Exploring diversification and home country bias with Vanguard's Peter Westaway

    Which is riskier - a global portfolio or a home bias?

    Discover why a home bias is a bad thing in international investing terms, and how diversifying globally makes the most sense for the strongest investment returns.

    Understanding the importance of global diversification: with a little help from Vanguard

    Robin Powell: One of the most common behavioural biases that investors are prone to is home bias.

    In other words, we invest too much of our portfolio in stocks and bonds in our own countries, and not enough in assets elsewhere. Here’s Peter Westaway from Vanguard.

    Peter Westaway: The idea of home bias is that investors will systematically tend to overweight the assets, whether its equities or fixed income, but the assets from their home market. So, for example in the UK, whereas the UK stock market is around 8% of the global stock market, the average holding of a UK investor is around 50%. So there’s a big overweight to UK assets.

    RP: Of course, it’s not just the UK. Investors all over the world have this preference for investing close to home. Often advisers and investors will use currency risk to justify it.

    PW: And so, overweighting to home market is a way of avoiding currency risk. That’s not always the best way to get away from currency risk, though. We think that, in fixed income markets, for example, it’s much easier to “hedge out”. Just buy a type of asset that is hedged out, so that you no longer expose your overseas bonds to currency fluctuations.

    With equities, you can hedge that out as well. Although, actually we think having unhedged equity exposure is sometimes a benefit because it doesn’t necessarily add volatility to your portfolio, when you have currency exposure, because sometimes a local stock market and a local currency may be going into the opposite direction and cancel each other out.

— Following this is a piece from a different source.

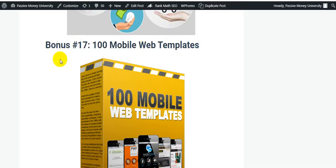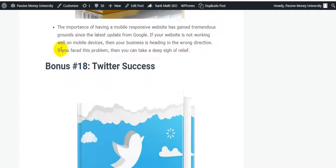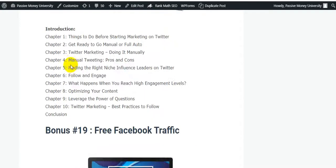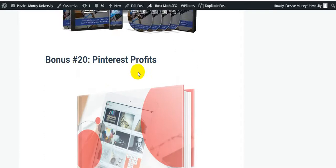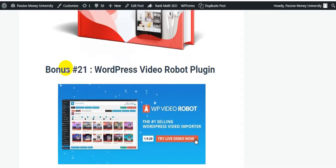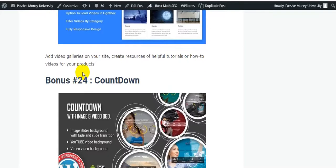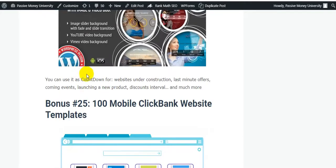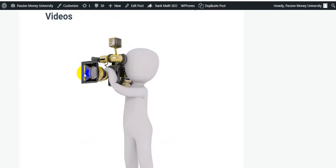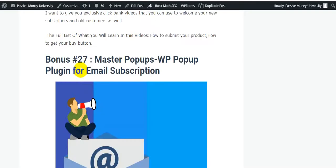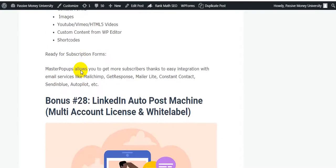If you have an online business and want to make money online, these bonuses are essential. Further bonuses include: Twitter Success, Free Facebook Traffic, Pinterest Profits, WordPress Video Robot Plugin, WordPress Automatic Plugin, Share Double Video Embed, Countdown Plugin, 100 Mobile Clickbank Website Templates, Clickbank Lead Generating Videos, Master Pop-Up WP Pop-Up Plugin for Email Subscriptions, and LinkedIn Auto Post Machine Multi-Account License and White Label.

    RP: So, what if you have a hunch that a particular country’s fortunes are about to rise or fall, perhaps as a result of an election or a referendum? Well, unfortunately, its very difficult to profit from those sorts of events.

    PW: By the time there is some information that becomes compelling and it becomes the consensus view and it’s clearly going to happen then, by that point - even if it turns out to be true - that’s probably already priced into the market. So you’ve almost lost the opportunity by then to profit from it. So that’s kind of the irony.

    So really it’s about being able to predict those events, that nobody else is being able to do. And, that’s something really difficult. Some people get paid a lot of money to try and do that, but the reality is, on average, most of those don’t deliver.

    So, what’s the alternative strategy to that? Well, really having a portfolio of investments that aren’t loaded up on particular political events or particular states of the world coming around.

    RP: So, being aware of home bias and diversifying globally really do make sense.